Svenska mästerskapet

Tournament information
- Sport: Handball
- Teams: 32

Final positions
- Champions: IFK Kristianstad (2nd title)
- Runner-up: Redbergslids IK

= 1947–48 Svenska mästerskapet (men's handball) =

The 1947–48 Svenska mästerskapet was the 17th season of Svenska mästerskapet, a tournament held to determine the Swedish Champions of men's handball. The tournament was contested by all Allsvenskan teams and all District Champions, along with invited teams from Division II. 32 teams competed in the tournament. Redbergslids IK were the defending champions, but were defeated by IFK Kristianstad in the final. IFK Kristianstad won their second title. The semifinals and final were played on 20–21 March in Sporthallen in Kristianstad.

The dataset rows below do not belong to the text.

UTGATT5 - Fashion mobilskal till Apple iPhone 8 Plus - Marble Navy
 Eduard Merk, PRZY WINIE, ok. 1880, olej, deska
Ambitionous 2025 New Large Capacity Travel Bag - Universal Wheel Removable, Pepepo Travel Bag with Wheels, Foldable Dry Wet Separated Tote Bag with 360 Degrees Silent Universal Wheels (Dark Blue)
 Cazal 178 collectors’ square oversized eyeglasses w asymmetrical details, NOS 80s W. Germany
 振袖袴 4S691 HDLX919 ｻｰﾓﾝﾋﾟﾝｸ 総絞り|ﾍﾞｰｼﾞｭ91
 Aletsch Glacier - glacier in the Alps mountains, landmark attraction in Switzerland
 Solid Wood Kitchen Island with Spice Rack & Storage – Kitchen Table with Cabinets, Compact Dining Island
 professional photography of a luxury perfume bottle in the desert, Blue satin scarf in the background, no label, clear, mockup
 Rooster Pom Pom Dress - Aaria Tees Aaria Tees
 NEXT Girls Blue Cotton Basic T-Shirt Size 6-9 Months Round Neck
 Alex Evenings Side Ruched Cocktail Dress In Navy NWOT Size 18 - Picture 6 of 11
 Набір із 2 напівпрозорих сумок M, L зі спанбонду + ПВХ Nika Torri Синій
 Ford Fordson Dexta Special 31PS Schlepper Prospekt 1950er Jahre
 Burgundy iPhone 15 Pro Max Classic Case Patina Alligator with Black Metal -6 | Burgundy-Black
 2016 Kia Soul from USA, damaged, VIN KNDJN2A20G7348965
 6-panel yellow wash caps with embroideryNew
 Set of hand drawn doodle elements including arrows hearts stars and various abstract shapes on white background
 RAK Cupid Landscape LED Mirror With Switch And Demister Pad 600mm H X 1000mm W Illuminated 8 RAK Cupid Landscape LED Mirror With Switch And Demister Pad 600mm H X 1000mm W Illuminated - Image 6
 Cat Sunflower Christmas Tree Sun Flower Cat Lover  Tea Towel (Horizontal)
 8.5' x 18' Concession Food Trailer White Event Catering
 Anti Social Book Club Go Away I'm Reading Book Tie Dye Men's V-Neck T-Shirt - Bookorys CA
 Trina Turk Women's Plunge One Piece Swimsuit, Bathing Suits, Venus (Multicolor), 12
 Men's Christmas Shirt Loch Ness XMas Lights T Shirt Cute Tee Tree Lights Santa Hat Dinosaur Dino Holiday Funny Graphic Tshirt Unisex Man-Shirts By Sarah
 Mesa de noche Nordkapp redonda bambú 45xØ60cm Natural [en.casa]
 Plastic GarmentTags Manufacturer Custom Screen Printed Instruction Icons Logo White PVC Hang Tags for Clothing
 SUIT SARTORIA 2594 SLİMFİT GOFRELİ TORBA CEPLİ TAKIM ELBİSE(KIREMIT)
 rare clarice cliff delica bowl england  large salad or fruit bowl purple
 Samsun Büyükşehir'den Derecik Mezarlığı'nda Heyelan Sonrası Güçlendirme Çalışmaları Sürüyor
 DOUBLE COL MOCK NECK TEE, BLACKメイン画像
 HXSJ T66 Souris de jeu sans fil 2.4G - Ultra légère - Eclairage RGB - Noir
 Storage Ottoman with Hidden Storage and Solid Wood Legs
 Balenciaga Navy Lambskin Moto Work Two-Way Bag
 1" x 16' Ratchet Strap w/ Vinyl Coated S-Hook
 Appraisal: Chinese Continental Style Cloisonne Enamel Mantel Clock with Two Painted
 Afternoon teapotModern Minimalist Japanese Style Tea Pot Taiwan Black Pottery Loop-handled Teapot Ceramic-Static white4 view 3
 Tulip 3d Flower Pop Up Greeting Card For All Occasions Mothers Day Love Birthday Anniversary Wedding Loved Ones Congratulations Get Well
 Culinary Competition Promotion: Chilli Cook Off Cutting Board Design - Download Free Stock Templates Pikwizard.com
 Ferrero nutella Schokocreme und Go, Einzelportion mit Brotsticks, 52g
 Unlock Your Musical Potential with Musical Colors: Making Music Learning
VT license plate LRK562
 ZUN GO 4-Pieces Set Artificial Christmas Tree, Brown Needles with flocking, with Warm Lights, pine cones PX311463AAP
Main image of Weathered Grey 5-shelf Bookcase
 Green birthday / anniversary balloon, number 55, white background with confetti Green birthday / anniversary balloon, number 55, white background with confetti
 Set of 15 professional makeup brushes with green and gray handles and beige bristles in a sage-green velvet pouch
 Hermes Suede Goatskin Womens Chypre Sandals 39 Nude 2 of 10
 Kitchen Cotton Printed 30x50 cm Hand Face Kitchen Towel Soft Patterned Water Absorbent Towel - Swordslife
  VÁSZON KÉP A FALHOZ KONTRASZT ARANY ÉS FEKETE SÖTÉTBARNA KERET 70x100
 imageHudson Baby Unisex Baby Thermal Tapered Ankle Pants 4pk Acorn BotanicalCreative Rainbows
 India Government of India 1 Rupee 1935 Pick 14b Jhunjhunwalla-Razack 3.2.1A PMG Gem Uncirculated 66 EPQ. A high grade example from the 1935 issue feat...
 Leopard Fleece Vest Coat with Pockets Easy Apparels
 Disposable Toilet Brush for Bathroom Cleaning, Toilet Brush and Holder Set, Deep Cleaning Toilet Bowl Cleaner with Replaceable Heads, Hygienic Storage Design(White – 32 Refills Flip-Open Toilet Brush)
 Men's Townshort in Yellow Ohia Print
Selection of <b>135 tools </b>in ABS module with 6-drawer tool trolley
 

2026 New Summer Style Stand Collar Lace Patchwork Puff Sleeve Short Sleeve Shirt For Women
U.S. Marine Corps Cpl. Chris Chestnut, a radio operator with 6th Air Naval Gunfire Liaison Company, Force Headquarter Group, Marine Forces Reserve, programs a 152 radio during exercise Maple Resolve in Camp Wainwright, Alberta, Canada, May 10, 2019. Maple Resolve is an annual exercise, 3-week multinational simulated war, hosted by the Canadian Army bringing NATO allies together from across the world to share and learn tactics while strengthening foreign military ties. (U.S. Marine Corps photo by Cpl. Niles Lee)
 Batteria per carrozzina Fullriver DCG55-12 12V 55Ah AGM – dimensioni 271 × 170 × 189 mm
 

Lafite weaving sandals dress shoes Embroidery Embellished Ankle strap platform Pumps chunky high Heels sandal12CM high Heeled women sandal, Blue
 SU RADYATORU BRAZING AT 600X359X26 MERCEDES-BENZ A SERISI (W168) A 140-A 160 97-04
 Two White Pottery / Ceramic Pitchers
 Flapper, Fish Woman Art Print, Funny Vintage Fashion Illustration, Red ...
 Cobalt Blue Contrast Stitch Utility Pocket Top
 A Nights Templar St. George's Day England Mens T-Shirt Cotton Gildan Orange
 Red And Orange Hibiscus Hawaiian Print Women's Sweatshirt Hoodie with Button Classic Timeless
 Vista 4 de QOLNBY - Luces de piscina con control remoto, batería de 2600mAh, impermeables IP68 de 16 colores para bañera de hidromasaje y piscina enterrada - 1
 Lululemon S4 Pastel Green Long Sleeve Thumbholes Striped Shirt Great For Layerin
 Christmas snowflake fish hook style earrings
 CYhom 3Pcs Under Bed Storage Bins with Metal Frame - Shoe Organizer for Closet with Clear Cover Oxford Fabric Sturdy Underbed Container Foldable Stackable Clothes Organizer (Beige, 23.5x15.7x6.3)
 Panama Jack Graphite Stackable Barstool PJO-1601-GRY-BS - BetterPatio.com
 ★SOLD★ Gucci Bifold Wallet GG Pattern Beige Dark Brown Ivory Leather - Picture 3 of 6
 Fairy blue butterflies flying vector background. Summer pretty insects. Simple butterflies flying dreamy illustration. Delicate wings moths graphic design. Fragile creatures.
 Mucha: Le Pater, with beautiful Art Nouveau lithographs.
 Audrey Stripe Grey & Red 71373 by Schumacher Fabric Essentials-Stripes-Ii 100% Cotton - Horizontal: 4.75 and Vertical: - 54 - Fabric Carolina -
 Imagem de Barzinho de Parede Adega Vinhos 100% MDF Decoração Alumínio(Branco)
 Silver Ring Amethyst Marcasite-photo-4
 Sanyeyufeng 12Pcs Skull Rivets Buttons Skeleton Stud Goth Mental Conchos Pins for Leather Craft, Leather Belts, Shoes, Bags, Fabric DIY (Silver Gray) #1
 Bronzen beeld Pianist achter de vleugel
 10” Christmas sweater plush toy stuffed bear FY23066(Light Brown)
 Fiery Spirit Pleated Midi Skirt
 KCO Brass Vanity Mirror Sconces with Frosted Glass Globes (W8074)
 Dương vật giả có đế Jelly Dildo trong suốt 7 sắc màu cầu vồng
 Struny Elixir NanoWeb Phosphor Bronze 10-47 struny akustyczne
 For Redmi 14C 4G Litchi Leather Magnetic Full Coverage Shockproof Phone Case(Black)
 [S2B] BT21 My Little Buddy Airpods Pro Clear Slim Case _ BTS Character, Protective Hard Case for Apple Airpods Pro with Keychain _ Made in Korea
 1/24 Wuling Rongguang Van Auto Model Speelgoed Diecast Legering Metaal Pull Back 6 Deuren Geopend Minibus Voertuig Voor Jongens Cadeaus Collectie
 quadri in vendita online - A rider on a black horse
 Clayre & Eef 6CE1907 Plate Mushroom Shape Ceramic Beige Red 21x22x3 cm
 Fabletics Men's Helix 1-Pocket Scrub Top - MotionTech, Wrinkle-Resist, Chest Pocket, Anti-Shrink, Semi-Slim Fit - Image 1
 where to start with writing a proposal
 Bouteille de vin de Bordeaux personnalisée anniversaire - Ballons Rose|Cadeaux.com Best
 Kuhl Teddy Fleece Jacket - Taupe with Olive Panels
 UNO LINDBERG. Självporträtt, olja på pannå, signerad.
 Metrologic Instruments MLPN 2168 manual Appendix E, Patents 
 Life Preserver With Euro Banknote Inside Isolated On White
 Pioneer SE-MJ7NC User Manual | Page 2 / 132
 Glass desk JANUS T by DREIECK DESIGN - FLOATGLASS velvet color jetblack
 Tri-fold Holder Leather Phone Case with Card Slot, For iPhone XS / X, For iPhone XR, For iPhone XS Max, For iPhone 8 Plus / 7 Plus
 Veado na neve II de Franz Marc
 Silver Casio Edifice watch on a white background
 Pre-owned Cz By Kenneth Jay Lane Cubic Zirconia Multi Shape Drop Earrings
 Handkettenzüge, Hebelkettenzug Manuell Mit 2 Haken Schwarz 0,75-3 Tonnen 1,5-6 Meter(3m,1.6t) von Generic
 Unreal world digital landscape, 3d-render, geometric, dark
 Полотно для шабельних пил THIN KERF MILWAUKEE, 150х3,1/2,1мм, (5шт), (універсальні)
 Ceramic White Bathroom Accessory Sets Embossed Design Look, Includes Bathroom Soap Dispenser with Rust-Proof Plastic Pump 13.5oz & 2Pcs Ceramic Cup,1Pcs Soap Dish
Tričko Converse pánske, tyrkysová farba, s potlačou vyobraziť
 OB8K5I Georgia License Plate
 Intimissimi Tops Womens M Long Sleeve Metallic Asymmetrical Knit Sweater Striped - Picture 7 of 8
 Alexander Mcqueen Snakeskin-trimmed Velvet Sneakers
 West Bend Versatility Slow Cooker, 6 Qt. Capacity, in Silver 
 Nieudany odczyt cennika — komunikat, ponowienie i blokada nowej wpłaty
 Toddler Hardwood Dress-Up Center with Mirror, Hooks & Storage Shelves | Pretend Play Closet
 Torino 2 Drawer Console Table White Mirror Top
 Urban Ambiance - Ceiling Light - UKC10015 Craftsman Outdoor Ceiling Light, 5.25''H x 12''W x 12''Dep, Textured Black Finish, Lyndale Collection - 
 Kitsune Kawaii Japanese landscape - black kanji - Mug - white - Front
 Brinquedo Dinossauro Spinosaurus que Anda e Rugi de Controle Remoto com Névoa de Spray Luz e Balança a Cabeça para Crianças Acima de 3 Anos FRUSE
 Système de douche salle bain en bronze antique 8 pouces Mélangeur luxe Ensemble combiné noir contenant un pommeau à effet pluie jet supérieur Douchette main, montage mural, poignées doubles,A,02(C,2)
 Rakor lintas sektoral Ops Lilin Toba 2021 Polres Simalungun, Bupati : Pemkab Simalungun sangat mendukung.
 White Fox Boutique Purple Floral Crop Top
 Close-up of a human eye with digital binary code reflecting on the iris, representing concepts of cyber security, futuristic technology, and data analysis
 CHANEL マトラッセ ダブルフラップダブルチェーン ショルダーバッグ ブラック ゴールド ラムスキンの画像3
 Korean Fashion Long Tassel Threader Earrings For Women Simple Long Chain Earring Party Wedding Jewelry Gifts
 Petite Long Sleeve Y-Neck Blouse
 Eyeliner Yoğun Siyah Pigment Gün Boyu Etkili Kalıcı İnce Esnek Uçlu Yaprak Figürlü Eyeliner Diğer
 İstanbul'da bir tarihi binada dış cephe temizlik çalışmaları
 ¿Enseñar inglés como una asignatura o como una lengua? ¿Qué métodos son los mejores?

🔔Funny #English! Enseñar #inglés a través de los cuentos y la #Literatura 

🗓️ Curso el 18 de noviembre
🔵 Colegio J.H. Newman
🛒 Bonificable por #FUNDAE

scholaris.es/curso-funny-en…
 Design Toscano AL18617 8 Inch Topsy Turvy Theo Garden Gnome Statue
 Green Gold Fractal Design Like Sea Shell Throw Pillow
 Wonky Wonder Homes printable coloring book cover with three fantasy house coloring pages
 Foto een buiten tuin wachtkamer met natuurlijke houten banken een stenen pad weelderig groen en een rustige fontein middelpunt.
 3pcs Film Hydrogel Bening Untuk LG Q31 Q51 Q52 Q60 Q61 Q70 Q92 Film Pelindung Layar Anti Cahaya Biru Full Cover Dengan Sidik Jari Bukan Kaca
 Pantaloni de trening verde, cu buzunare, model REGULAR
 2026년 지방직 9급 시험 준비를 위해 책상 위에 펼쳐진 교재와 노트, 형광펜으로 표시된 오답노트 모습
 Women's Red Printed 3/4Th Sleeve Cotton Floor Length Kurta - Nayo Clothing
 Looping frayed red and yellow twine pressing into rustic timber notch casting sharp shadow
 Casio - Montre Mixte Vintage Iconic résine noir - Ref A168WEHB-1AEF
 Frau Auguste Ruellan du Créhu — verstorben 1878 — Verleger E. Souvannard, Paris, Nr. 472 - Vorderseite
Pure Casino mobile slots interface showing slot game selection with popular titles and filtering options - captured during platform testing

The final was watched by 1,628 spectators.

==Results==

=== First Round ===
- IFK Luleå–Sollefteå GIF 9–15
- Upsala Studenters IF–SoIK Hellas 9–10
- Umeå IK–IFK Sundsvall 14–8
- Norrköpings AIS–F 11 Nyköping 7–8
- Uddevalla IS–Skövde AIK 9–22
- Karlstads BIK–Majornas IK 11–10
- Norslunds IF–Sandvikens IF 8–18
- Halmstads HBP–Redbergslids IK 9–15
- Jönköpings BK–IFK Kristianstad 6–8
- Örebro SK–IFK Lidingö 11–6
- Hallstahammars SK–Västerås HF 9–12
- IFK Östersund–Gävle GIK 13–17
- IFK Malmö–IK Heim 11–12
- IFK Karlskrona–Ystads IF 13–8
- IK Göta–Västerås IK 6–12
- Visby IF–Spårvägens HF 11–15

=== Second Round ===
- Sollefteå GIF–SoIK Hellas 7–18
- Umeå IK–F 11 Nyköping 6–14
- Skövde AIK–Karlstads BIK 5–8
- Sandvikens IF–Redbergslids IK 4–13
- IFK Kristianstad–Örebro SK 12–9
- Västerås HF–Gävle GIK 14–7
- IK Heim–IFK Karlskrona 4–6
- Västerås IK–Spårvägens HF 13–7

=== Quarterfinals ===
- SoIK Hellas–F 11 Nyköping 9–7
- Karlstads BIK–Redbergslids IK 5–10
- IFK Kristianstad–Västerås HF 10–5
- IFK Karlskrona–Västerås IK 5–6

===Semifinals ===
- SoIK Hellas–Redbergslids IK 3–14
- IFK Kristianstad–Västerås IK 12–10

=== Match for third place ===
- Västerås IK–SoIK Hellas 9–6

=== Final ===
- IFK Kristianstad–Redbergslids IK 8–7 a.e.t.

== Champions ==
The following players for IFK Kristianstad received a winner's medal: Bertil Andersson, Göte Pålsson, Carl-Erik Stockenberg (2 goals in the final), Bertil Rönndahl, Evert Sjunnesson, Erik Nordström (2), Åke Moberg (3), Göte Saloonen, Axel Nissen and Åke Skough (1).